Exercise aim:
Your answer should be the lines below from the one with "Miniature Joints, Muscled" to the one with "Ram, Sheep — Uzbekistan", both included, given again exactly and with nothing added.

Recorded data
§

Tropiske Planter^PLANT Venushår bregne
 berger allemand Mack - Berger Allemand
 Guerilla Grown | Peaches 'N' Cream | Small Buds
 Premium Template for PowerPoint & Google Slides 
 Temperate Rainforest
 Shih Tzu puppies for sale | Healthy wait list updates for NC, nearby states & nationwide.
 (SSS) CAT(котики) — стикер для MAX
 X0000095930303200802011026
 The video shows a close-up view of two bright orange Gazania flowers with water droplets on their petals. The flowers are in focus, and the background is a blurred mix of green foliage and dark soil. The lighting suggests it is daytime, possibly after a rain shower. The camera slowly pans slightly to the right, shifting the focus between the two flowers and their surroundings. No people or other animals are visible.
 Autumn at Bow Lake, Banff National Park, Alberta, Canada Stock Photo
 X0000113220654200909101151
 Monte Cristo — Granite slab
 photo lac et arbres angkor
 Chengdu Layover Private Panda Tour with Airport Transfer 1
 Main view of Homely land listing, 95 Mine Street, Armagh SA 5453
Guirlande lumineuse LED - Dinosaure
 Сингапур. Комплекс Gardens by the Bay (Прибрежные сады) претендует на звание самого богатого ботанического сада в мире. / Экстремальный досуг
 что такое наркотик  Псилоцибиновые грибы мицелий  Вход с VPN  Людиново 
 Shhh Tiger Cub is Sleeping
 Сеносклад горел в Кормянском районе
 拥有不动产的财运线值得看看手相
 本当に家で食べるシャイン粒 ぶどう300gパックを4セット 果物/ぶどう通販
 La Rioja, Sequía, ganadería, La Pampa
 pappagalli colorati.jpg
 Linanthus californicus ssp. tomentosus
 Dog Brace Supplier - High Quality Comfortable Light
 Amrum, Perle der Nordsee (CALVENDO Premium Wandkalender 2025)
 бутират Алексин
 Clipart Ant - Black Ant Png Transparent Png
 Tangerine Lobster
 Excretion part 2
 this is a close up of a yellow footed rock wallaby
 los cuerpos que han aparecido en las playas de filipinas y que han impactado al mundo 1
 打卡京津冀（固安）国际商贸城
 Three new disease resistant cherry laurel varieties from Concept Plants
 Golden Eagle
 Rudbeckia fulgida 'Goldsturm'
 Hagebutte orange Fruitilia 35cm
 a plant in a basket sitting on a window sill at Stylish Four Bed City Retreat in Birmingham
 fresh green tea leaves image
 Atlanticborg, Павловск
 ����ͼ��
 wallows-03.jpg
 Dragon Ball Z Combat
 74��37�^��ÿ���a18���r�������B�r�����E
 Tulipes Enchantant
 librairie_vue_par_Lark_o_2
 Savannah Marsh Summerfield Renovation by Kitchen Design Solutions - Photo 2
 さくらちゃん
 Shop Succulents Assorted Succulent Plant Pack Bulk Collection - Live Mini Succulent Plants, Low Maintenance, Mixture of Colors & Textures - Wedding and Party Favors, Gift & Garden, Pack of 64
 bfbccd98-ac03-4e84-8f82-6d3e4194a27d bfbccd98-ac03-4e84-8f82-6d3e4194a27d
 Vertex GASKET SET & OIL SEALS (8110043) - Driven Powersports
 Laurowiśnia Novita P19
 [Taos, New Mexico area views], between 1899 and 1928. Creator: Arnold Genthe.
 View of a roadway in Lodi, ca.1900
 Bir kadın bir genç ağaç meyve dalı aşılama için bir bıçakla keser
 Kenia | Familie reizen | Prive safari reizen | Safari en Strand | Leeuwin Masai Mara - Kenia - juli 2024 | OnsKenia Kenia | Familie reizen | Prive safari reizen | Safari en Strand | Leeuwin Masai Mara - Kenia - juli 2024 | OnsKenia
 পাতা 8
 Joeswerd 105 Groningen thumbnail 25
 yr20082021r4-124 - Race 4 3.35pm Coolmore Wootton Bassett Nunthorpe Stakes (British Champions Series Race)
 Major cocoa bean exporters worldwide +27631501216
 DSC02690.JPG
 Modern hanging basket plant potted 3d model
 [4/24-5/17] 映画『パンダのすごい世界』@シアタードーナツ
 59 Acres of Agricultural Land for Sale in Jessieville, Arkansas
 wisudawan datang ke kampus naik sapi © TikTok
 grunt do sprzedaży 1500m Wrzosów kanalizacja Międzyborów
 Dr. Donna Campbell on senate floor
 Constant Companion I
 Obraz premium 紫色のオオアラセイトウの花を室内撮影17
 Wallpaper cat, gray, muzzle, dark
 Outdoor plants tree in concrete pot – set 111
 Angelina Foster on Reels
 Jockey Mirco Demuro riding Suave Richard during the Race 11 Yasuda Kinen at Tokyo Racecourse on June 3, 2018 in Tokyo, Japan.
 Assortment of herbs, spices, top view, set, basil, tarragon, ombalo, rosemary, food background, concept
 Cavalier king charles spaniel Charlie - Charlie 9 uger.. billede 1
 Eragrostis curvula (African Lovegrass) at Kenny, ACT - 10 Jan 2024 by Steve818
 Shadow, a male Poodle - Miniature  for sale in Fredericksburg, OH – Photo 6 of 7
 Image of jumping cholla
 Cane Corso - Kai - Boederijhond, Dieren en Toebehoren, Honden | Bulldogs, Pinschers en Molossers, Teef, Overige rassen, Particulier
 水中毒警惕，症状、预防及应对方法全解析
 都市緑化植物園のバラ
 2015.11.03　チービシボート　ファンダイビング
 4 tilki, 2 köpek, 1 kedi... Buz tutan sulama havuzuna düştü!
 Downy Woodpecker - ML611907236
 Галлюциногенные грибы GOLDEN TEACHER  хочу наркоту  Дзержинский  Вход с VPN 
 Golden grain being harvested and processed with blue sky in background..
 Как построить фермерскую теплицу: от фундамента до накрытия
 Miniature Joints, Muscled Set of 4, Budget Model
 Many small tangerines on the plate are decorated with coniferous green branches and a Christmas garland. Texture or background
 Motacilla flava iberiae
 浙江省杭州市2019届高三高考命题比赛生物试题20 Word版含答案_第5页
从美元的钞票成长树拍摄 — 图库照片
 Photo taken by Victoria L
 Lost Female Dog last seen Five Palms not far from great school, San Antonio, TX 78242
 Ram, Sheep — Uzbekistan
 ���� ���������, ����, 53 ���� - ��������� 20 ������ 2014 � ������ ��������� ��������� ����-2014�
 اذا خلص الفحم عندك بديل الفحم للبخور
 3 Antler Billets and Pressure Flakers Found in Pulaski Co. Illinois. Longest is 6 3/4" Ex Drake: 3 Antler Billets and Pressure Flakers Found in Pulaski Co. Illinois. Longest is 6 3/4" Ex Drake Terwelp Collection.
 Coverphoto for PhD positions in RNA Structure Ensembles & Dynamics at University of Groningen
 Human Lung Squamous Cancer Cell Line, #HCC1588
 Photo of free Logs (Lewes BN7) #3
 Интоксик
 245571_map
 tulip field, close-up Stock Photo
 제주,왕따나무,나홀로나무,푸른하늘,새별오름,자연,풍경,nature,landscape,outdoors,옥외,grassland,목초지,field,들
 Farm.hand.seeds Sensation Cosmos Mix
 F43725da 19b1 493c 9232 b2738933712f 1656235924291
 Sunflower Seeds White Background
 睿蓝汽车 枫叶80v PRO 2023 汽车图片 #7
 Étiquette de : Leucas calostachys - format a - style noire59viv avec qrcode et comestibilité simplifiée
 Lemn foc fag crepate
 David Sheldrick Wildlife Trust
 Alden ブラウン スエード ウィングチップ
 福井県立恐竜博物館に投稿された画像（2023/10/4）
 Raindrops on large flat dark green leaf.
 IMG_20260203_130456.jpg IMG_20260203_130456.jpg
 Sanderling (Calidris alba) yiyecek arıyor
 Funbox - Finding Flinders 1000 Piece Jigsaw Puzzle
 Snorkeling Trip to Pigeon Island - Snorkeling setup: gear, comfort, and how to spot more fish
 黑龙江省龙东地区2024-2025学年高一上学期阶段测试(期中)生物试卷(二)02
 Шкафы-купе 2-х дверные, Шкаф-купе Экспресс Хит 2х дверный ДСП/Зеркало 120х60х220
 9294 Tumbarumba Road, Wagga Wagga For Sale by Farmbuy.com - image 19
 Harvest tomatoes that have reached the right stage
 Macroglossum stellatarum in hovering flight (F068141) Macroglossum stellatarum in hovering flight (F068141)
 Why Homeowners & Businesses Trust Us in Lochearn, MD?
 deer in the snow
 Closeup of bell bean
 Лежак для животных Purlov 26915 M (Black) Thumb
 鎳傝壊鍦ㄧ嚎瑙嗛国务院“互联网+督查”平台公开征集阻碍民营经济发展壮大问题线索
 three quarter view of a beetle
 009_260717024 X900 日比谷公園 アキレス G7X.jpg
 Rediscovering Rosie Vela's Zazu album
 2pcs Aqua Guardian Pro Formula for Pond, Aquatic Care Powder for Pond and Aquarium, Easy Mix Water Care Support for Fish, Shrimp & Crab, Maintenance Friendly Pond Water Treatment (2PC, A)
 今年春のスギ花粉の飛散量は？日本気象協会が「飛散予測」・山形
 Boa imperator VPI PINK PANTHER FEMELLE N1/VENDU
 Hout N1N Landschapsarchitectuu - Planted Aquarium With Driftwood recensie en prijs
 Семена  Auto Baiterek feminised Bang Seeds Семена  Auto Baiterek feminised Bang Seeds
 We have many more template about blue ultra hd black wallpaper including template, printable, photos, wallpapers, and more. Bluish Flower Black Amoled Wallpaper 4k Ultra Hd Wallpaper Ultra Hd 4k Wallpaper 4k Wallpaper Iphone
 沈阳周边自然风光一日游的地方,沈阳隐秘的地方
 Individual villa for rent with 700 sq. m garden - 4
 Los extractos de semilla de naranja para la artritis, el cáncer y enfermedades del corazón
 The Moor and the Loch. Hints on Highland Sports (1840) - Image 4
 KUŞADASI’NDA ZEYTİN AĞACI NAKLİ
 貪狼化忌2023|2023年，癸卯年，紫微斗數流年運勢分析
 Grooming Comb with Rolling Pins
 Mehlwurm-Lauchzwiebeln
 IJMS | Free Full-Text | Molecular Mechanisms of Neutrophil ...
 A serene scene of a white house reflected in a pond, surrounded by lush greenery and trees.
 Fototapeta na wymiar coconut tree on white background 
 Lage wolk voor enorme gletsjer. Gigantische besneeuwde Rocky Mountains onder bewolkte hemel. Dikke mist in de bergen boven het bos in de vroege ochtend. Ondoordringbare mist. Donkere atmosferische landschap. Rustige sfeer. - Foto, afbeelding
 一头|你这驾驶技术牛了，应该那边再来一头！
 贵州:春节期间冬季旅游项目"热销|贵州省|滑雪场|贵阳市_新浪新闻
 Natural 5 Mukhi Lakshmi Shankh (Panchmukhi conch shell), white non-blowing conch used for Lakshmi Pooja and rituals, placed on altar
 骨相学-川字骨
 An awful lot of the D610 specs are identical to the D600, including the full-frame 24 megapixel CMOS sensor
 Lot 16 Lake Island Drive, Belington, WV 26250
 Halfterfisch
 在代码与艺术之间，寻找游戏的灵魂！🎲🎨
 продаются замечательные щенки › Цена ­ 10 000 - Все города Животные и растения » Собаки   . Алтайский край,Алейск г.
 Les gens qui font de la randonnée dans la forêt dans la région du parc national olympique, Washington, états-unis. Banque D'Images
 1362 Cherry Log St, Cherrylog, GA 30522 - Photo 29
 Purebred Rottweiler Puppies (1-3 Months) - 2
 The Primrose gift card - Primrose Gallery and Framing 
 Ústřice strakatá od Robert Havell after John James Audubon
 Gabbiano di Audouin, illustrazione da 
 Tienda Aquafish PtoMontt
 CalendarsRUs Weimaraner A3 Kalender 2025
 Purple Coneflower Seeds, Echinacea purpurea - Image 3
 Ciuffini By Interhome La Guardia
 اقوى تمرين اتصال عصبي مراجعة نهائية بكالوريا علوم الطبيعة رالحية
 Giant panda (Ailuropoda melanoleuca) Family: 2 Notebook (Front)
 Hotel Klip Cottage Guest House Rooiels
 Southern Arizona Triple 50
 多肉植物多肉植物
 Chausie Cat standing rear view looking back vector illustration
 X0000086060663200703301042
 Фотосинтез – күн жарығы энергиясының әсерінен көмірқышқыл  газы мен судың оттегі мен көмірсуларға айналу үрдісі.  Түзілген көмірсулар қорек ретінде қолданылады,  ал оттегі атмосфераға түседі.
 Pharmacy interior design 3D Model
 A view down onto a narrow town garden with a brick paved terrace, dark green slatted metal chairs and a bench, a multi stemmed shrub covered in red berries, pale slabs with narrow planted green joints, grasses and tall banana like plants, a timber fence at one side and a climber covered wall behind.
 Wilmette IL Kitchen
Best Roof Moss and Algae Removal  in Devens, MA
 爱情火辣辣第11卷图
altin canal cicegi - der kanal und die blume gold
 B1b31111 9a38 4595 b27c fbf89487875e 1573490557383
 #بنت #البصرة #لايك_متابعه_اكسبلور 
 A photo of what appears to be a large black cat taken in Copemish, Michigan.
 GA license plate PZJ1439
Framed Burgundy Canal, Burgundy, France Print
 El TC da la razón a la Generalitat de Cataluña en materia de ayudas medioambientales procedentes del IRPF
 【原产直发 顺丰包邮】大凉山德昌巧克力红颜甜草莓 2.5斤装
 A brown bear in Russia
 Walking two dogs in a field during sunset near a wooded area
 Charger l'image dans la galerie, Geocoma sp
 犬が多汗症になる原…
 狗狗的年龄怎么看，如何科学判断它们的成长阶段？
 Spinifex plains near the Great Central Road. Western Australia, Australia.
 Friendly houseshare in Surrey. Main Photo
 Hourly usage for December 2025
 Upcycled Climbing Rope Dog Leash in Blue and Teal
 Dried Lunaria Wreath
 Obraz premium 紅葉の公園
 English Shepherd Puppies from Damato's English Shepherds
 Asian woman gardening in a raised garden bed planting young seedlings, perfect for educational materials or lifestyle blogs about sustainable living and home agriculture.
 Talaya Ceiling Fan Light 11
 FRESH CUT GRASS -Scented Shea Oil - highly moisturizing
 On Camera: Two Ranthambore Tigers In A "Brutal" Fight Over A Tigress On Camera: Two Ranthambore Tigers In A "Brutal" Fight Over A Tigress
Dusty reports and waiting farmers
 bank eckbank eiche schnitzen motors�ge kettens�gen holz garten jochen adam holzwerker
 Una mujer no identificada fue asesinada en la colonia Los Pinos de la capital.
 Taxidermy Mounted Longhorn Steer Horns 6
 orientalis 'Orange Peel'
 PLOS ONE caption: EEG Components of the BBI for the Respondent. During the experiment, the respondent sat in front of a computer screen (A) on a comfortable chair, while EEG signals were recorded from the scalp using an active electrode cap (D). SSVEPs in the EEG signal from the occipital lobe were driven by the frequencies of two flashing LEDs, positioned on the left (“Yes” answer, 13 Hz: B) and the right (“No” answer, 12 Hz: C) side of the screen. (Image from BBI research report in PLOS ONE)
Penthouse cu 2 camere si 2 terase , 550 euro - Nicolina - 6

§

Completed exercise:
 Miniature Joints, Muscled Set of 4, Budget Model
 Many small tangerines on the plate are decorated with coniferous green branches and a Christmas garland. Texture or background
 Motacilla flava iberiae
 浙江省杭州市2019届高三高考命题比赛生物试题20 Word版含答案_第5页
从美元的钞票成长树拍摄 — 图库照片
 Photo taken by Victoria L
 Lost Female Dog last seen Five Palms not far from great school, San Antonio, TX 78242
 Ram, Sheep — Uzbekistan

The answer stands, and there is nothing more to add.